THE PROBLEM: Give an unaltered copy of the listing below, minus its pictures.

DATASET EXCERPT:
--------------------------------------------------
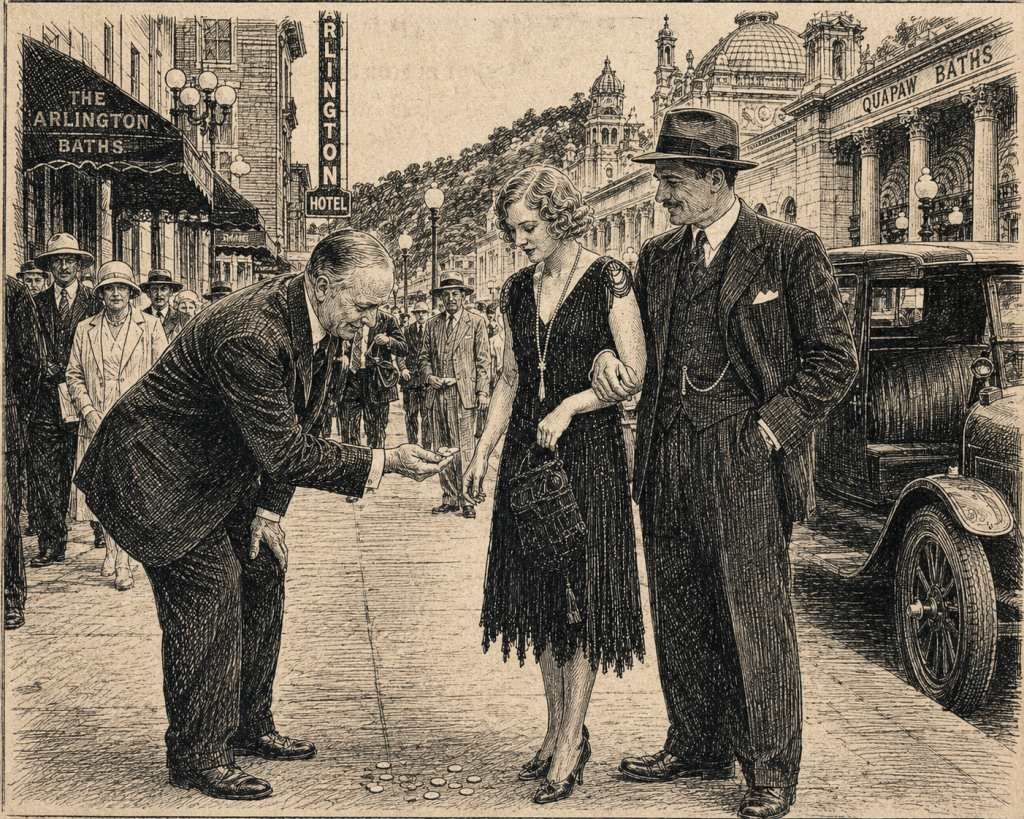 Newspaper-style sketch depicting a street scene outside the Arlington Hotel and Quapaw Baths in Hot Springs, Arkansas during the 1920s.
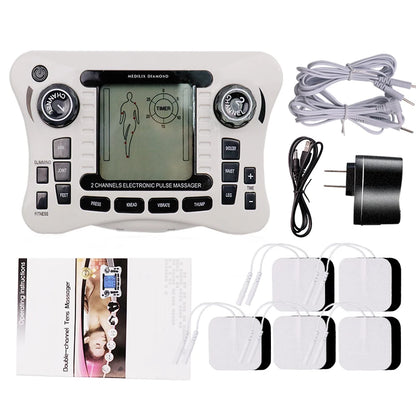 Electronic Pulse Massager Tens Ems Macchina per il massaggio del muscolo elettrico del nervo stimolatore Agopuntura Fat Burner Sollievo dal dolore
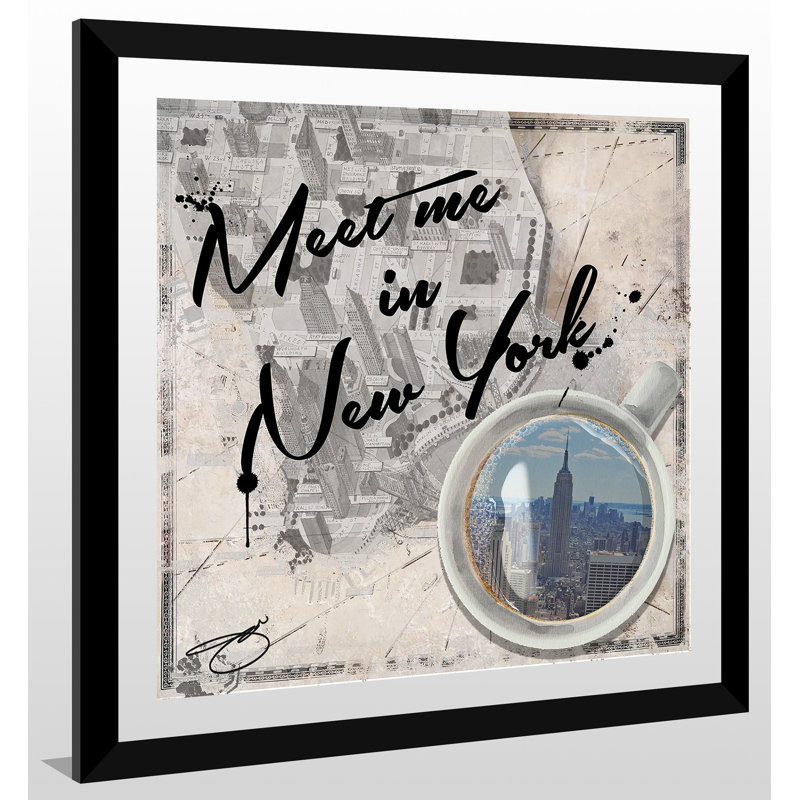 « me répondre à new york », impression, H 27,5 po x l 27,5 po x P 0,75 po, Cadre en plexiglas noir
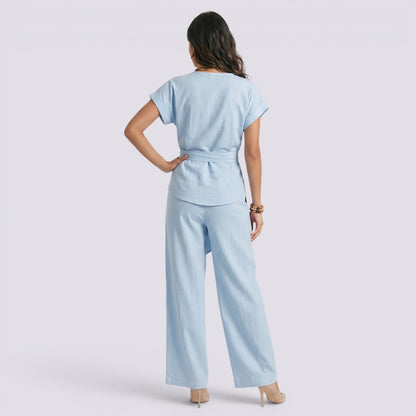 Women's Elegant Summer Set with Wide-Leg Pants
--------------------------------------------------
ANSWER TO THIS EXERCISE:
 Newspaper-style sketch depicting a street scene outside the Arlington Hotel and Quapaw Baths in Hot Springs, Arkansas during the 1920s.
 Electronic Pulse Massager Tens Ems Macchina per il massaggio del muscolo elettrico del nervo stimolatore Agopuntura Fat Burner Sollievo dal dolore
 « me répondre à new york », impression, H 27,5 po x l 27,5 po x P 0,75 po, Cadre en plexiglas noir
 Women's Elegant Summer Set with Wide-Leg Pants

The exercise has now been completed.